The next city I stopped at was Gjirokaster. Gjirokaster is one of the oldest cities in the world and a UNESCO World Heritage site. Albania has a really intriguing history. For example, up until 1992, nobody could travel in or out of the country. You’ll find the history of Albania encoded in places like Gjirokaster because of how long they’ve been around. I really enjoyed taking all of that in because I’m a bit of a history nerd. I ended up staying in Gjirokaster for about four or five days, and then I thought it was time to go to the beach and enjoy myself.

I moved further down south and went to Ksamil. Ksamil is a quiet coastal city that is a bit of an undiscovered destination, but I believe it will get a lot of tourist attention in the coming years. The beaches in Ksamil probably have the bluest waters I’ve ever seen in my life. I also liked the fact that it’s a pebble beach, not a sand beach. I’m a big fan of water-sports, so I did a lot of swimming and scuba diving here. The scenery at Ksamil is second to none. After Ksamil, I went to a much more popular city called Sarande.

Sarande is a popular tourist destination in Albania. The city has a port and a lot of cruise ships stop over, which leads to a high population of foreigners there. It was a nice place, but I’m not really a fan of places with too many tourists. I prefer mixing with the locals, so I left Sarande after two days.

From Sarande, I took a ferry to a Greek island called Corfu. Corfu is one of those islands that haven’t been properly discovered, so if you go there, don’t expect to find any fancy restaurants. When I was there, I ate roasted fish that I bought from a fisherman in a shack. It’s a really beautiful island that will definitely become more popular in years to come. I spent the day in Corfu and took a ferry back to Sarande.

I started going up north, and I went to a place called Shkodër. Shkodër is another historic town but has become more like a city. It was a fun place to visit; it had a lot of big hotels and establishments, which was a nice contrast from some of the other places I visited in Albania.

After Shkodër, I went to a mountainous region called Theth. Theth is a beautiful place that’s kind of isolated from everywhere else. You’ll love Theth if you’re an adventure lover like I am; I had so much fun here. I went on a lot of hiking trails and went swimming in a couple of waterfalls. My most memorable experience in Theth was a particular waterfall called The Blue Eye. The Blue Eye is really beautiful but also kind of scary. It looks like a hole in the water, and it’s really blue because of the concentration; the water around it is a lighter shade of blue. There, I climbed up like 23 metres and jumped into the freezing blue eye. I have to admit that I spent quite a bit of time at the top trying to brace myself because it was quite scary, but I overcame the challenge like everything else I have come across. Theth was the last place I visited in Albania before I went to Montenegro.

The Blue Eye

I really loved my trip to Albania.

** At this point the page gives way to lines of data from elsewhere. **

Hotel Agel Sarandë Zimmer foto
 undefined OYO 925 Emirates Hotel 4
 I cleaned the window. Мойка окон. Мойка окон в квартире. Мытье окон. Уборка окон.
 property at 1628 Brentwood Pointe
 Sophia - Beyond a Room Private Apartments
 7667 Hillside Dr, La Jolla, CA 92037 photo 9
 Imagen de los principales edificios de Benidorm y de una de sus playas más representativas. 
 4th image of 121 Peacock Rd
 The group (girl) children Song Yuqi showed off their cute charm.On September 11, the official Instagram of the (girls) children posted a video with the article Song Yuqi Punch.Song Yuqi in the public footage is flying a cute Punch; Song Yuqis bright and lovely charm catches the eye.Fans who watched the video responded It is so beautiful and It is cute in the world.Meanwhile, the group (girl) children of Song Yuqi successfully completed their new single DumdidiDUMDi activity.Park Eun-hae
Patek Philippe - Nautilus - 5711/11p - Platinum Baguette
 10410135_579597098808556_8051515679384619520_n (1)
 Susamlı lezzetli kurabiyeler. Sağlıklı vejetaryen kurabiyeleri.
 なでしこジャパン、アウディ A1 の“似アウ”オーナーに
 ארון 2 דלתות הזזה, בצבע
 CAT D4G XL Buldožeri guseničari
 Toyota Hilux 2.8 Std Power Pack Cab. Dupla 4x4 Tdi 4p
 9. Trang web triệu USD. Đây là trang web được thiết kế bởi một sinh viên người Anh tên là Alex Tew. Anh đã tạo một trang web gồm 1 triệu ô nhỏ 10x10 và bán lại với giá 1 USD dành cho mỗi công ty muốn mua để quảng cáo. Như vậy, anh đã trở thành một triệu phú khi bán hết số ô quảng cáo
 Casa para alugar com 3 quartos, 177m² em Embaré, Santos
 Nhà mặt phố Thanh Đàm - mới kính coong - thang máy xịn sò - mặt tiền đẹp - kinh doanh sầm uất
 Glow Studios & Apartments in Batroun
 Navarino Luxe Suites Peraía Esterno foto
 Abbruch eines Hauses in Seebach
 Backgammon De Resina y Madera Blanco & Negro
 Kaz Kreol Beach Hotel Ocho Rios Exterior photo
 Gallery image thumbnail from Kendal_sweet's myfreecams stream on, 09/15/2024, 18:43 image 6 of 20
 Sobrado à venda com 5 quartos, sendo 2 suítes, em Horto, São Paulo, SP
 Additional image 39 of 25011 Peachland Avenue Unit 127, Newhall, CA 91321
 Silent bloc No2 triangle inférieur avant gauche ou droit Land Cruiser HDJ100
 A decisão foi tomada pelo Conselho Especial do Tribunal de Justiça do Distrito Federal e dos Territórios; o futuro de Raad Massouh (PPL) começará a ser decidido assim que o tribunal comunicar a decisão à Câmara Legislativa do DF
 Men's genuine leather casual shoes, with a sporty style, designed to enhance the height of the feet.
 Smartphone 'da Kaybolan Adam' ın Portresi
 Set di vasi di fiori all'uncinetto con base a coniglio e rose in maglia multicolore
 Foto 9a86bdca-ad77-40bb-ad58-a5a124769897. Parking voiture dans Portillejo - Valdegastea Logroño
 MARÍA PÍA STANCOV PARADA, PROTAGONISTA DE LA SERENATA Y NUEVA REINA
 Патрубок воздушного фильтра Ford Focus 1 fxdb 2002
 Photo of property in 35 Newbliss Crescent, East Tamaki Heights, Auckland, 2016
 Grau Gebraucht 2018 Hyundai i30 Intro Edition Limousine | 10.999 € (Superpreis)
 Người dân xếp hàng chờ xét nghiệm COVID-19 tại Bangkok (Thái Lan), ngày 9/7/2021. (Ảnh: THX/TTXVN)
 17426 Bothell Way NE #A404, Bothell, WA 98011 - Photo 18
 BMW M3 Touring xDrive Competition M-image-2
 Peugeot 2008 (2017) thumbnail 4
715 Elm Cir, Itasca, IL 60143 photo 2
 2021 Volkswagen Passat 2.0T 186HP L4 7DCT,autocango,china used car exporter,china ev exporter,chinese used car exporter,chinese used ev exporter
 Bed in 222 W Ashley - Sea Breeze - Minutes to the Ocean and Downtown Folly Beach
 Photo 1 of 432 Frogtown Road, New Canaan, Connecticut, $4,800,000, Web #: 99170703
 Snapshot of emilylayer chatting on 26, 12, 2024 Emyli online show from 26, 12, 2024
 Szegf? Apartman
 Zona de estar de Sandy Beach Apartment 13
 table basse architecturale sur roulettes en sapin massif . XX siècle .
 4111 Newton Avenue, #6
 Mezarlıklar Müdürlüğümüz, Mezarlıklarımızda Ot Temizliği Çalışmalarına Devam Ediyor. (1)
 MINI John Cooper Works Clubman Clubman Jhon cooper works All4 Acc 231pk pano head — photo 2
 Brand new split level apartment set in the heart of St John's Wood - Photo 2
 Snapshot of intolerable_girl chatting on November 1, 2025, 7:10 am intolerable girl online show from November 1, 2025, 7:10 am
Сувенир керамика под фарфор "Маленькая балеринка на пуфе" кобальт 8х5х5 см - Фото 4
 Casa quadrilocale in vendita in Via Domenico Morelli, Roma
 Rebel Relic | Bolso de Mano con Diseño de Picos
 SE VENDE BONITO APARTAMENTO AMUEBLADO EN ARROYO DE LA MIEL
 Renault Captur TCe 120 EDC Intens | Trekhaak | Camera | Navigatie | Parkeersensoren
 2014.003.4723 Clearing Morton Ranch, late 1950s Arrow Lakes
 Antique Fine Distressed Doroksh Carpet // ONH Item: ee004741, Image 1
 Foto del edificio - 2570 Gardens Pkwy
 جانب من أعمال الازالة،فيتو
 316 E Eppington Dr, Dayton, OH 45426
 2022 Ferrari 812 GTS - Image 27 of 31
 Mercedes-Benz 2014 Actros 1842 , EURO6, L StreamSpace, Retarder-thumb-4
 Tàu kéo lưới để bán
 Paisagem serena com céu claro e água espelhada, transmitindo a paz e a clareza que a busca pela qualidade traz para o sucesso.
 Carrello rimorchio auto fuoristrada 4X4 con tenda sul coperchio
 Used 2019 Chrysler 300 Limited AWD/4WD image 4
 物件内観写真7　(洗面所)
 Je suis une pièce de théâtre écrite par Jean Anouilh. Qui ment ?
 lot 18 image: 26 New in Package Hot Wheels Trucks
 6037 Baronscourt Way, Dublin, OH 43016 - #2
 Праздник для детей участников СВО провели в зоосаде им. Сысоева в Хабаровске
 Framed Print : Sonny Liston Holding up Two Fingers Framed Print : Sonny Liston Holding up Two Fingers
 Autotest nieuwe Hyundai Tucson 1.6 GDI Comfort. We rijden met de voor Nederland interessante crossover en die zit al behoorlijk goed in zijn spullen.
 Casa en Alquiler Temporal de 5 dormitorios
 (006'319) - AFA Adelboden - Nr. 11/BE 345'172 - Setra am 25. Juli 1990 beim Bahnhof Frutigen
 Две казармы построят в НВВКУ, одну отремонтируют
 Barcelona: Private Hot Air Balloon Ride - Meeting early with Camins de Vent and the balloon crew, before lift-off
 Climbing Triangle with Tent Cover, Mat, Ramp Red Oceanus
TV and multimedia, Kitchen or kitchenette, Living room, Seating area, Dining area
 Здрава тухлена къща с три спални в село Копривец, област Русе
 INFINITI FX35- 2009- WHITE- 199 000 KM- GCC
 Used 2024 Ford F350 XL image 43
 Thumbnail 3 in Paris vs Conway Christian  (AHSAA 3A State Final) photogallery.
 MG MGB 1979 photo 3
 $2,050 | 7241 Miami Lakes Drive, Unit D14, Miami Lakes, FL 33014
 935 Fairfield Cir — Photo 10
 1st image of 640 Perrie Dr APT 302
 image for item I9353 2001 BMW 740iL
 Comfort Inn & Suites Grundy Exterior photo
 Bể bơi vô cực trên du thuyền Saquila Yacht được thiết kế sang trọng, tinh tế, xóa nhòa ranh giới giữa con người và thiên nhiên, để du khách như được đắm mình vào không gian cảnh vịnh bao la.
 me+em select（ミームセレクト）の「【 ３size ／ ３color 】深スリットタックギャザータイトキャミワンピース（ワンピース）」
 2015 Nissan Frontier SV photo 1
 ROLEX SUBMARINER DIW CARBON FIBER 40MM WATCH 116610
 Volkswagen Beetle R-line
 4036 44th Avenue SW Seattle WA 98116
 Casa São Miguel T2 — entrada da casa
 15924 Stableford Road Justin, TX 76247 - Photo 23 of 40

One thing that stood out for me in Albania, especially when I visited the Museum, was how women are depicted. They have a lot of powerful women in their history, and they aren’t afraid to show it; the statue outside their museum is literally a woman holding a gun. Also, the depiction of women didn’t feel forced or exaggerated. It all felt very true and natural. I never felt like there would ever be a situation where I’d experience sexism throughout my trip, and I really loved that.

I also really loved the food in Albania. Everything I ate there was really good, and that’s not usually the case when I travel to other European countries. If I had to mention a dislike, it would be the stares I got because I was the only black person almost everywhere I went; but I’ve gotten used to it as a frequent traveller.

Many of my friends and random people online are taking trips to Albania because of all the good things I have to say about the place, which makes me genuinely happy. I will continue to recommend Albania to anybody willing to listen because it was a truly amazing experience.